Download or read book Afghanistan at War written by Tom Lansford and published by Bloomsbury Publishing USA. This book was released on 2017-02-16 with total page 687 pages. Available in PDF, EPUB and Kindle. Book excerpt: Covering wars and conflicts of Afghanistan from the modern founding of the country in the 1700s to the contemporary struggle with the Taliban, this single-volume reference analyzes the causes and results of Afghanistan's wars and examines leading political and military figures, weapons, and tactics. Afghanistan has been embroiled in war and conflict throughout the latter part of the 20th century as well as the current millennium, but due to its location at the crossroads of Central Asia, Afghanistan has also endured repeated conquests throughout its turbulent earlier times. Examining Afghanistan's long military history through this book will enable readers to grasp the wider sociopolitical history of the country; appreciate the impact of these wars on Southwest Asia and superpowers such as Great Britain, the Soviet Union, and the United States; and understand why Afghanistan remains a controversial battleground today. The alphabetically organized entries examine the major wars and conflicts of Afghanistan from the modern founding of the country during the Durrani Dynasty in the 1700s through the contemporary struggle with the Taliban. The book spotlights the role of key individuals in starting, pursuing, or ending conflicts, as well as their broader contributions to—or negative impact on—Afghanistan and the international arena. The work also presents essays that examine key subtopics such as weapons, tactics, ethnic groups, religion, and foreign relations. This allows the reader—whether a student, scholar, or member of a nonacademic audience—to examine a topic in depth and see how the event, figure, or movement fits into the broader history of Afghanistan.

Book Afghanistan

Download or read book Afghanistan written by and published by Prestel Publishing. This book was released on 2013 with total page 0 pages. Available in PDF, EPUB and Kindle.

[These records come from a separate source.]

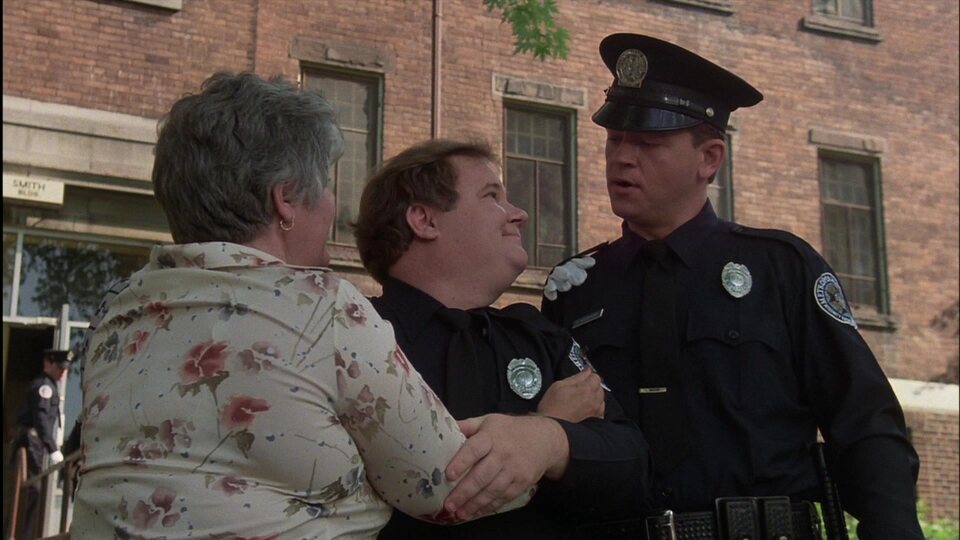 Loca academia de policía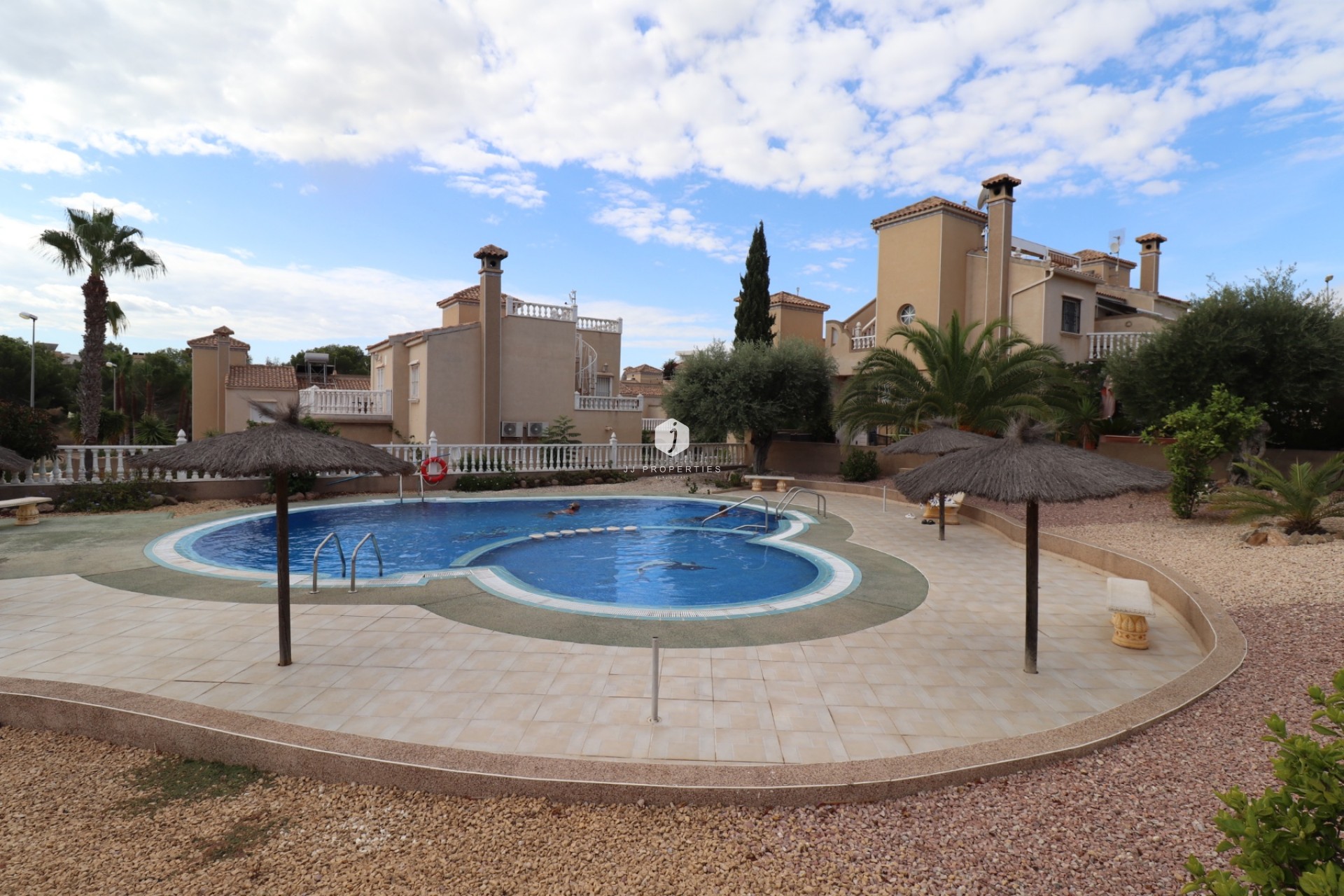 Resale - Chalet -
Orihuela Costa - Costa Blanca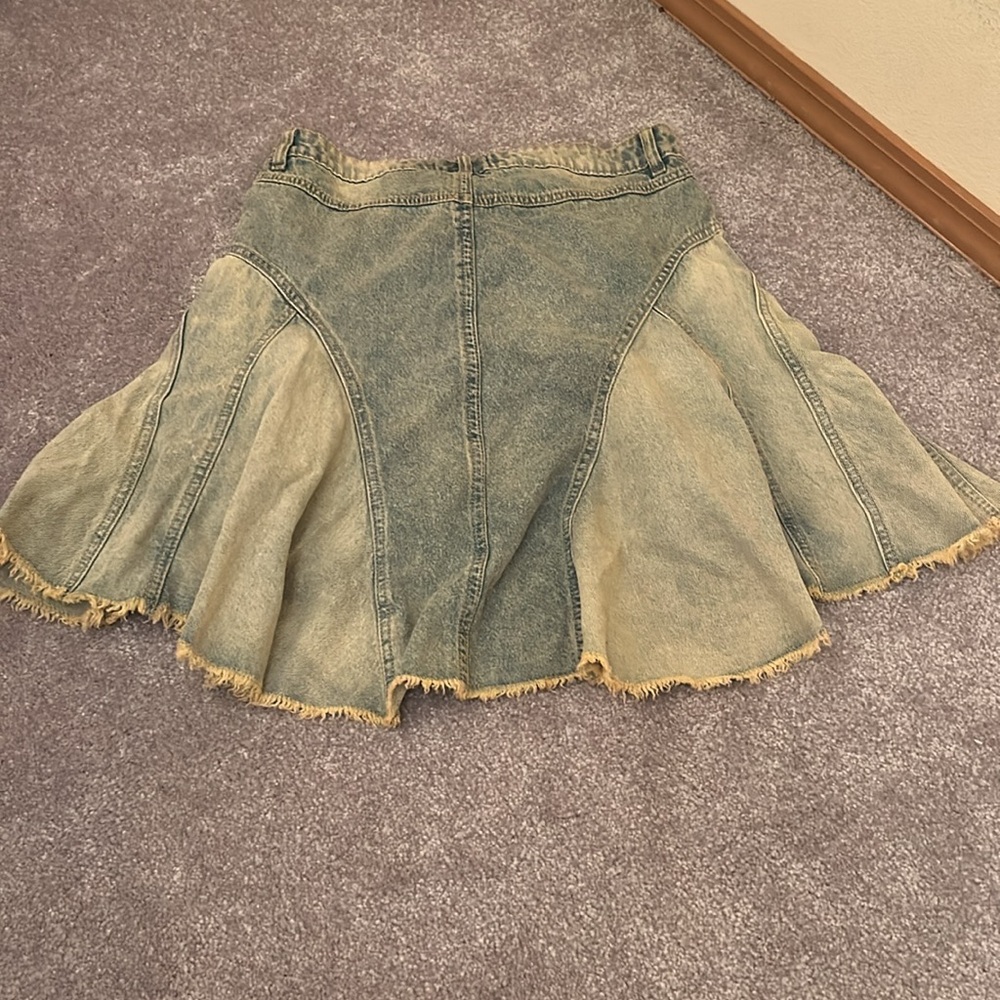 Skirt - Picture 2 of 2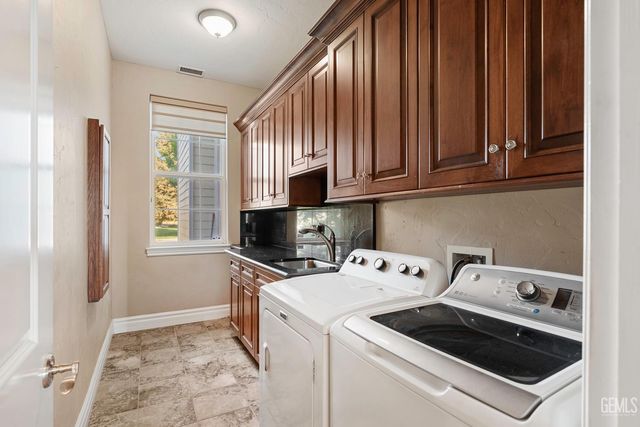 22431 Rd 180, Lindsay, CA 93247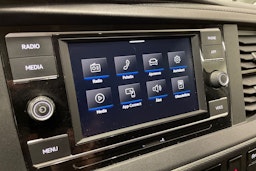 valkoinen Volkswagen Transporter 2021 kuva 34.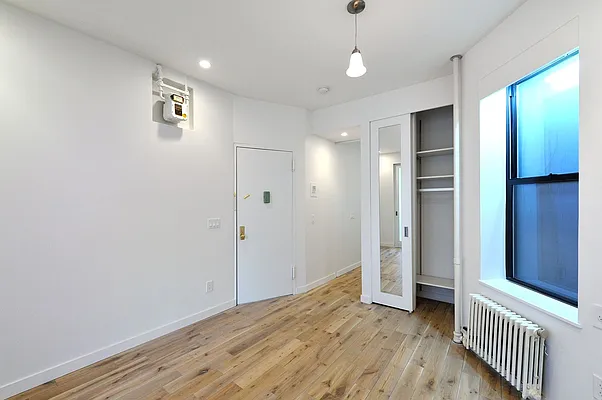 Rented by Aether Property Group | media 26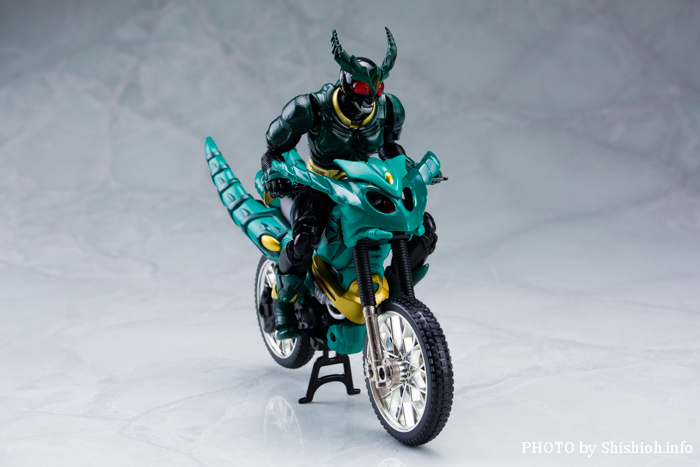 ������S.H.�t�B�M���A�[�c�O�`�IDX�|�s�j�J �M���X���C�_�[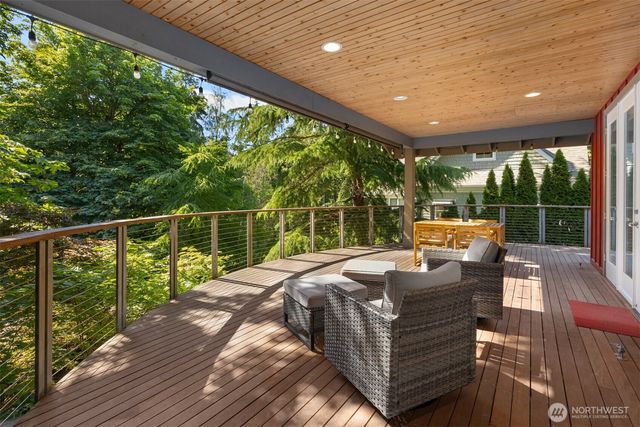 6575 NE Honeysuckle Lane, Bainbridge Island, WA 98110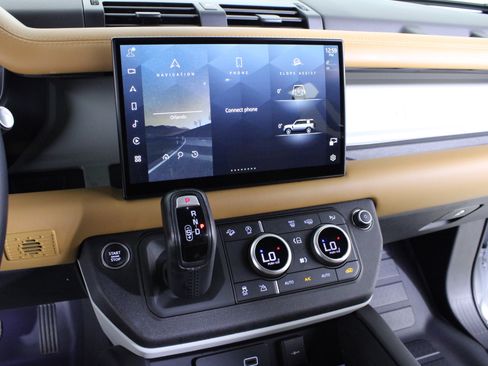 Used 2023 Land Rover Defender 110 X-Dynamic SE image 25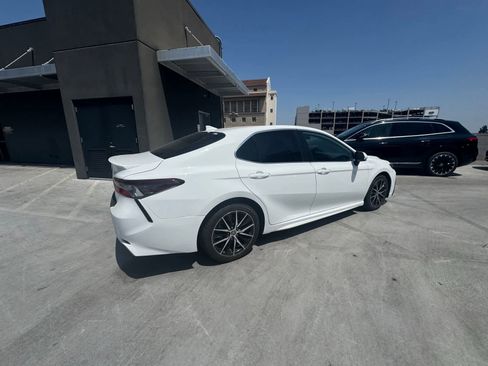 Used 2021 Toyota Camry SE w/ Carpet Mat Package (TMS) FWD image 3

Book excerpt: Noted documentary photographer Robert Nickelsberg's photographs help bring into focus the day-to-day consequences of war, poverty, oppression, and political turmoil in Afghanistan. Since the attack on the World Trade Center, Afghanistan has evolved from a country few people thought twice about to a place that evokes our deepest emotions. TIME magazine photographer Robert Nickelsberg has been publishing his images of this distant yet all too familiar country since 1998, when he accompanied a group of Mujahideen across the border from Pakistan. This remarkable volume of photographs is accompanied by insightful texts from experts on Afghanistan and the Taliban. The images themselves are captioned with places, dates, and Nickelsberg's own extensive commentary. Timely and important, the book serves as a reminder that Afghanistan and the rest of the world remain inextricably linked, no matter how much we long to distance ourselves from its painful realities.